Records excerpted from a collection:
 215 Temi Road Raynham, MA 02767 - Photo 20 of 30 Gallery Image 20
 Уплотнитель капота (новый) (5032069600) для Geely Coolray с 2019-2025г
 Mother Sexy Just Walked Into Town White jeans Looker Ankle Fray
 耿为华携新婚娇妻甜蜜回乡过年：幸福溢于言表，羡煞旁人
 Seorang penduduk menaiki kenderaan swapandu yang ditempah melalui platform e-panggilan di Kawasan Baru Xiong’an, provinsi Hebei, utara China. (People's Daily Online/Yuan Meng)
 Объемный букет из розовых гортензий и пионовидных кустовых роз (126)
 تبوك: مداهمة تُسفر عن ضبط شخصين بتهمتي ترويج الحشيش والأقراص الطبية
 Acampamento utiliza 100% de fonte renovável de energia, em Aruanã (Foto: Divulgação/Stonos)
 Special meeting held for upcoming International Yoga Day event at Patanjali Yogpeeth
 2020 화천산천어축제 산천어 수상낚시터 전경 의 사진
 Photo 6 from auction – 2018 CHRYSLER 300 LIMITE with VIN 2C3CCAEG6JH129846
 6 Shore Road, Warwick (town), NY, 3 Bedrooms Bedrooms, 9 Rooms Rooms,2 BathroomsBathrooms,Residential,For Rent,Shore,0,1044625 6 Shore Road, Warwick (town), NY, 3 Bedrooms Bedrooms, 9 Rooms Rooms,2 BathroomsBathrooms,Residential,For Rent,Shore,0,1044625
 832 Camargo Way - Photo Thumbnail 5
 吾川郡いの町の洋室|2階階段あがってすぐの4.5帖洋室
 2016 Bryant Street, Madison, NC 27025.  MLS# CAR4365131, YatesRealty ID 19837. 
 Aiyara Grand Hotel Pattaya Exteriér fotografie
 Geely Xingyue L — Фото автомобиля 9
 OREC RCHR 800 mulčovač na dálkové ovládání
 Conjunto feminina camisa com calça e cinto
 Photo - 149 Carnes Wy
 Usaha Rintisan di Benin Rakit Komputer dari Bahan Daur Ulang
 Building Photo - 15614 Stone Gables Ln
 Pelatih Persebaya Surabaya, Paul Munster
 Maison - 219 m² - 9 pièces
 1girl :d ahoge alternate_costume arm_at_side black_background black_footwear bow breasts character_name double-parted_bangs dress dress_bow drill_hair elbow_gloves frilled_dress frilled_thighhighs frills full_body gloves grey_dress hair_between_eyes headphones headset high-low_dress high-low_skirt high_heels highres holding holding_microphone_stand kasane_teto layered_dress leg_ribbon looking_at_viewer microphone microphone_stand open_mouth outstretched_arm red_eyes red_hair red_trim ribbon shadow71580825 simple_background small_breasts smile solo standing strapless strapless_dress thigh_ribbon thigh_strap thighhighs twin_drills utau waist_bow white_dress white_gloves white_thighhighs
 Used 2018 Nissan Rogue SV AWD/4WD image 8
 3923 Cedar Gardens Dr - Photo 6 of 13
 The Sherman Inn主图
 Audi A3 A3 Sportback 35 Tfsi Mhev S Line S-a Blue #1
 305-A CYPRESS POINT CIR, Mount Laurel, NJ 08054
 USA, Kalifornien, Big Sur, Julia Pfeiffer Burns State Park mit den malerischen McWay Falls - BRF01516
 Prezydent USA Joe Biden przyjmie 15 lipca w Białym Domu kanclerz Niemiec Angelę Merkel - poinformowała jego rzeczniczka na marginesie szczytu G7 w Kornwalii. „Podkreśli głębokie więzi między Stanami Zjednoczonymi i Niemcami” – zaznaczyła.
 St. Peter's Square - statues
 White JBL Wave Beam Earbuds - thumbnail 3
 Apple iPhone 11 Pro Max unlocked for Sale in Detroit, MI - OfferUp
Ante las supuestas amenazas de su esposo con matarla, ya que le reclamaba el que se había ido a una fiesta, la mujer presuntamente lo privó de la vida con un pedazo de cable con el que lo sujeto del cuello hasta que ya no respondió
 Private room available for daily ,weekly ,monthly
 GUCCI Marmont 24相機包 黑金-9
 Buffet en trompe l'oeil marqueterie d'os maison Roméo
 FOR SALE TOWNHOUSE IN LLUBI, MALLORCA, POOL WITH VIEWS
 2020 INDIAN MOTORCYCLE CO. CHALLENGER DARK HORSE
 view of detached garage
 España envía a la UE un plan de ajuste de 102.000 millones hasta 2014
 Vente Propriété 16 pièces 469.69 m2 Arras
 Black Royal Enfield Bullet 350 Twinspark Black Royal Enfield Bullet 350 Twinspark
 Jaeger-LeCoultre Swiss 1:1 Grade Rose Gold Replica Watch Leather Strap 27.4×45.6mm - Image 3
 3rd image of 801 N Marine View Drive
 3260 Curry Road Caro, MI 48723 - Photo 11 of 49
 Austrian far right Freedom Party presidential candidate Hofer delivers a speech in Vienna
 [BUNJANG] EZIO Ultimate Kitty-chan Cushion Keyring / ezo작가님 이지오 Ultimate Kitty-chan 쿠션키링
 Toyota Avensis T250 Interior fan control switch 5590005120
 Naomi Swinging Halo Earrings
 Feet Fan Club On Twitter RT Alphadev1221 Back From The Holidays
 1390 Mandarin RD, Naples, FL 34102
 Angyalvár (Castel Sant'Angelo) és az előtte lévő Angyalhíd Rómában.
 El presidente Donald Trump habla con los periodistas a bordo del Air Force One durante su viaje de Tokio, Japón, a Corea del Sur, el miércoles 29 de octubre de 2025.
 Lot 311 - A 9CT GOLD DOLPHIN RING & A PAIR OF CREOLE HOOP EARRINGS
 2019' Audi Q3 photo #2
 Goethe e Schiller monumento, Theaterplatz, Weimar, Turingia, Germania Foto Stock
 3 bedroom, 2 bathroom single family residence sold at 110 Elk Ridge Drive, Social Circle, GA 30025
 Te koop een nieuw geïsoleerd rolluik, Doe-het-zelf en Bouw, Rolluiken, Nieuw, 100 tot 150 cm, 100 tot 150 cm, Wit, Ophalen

EXERCISE:
Count the lines in the data where "Geely" occurs. Report the number only.

ANSWER SPACE:
2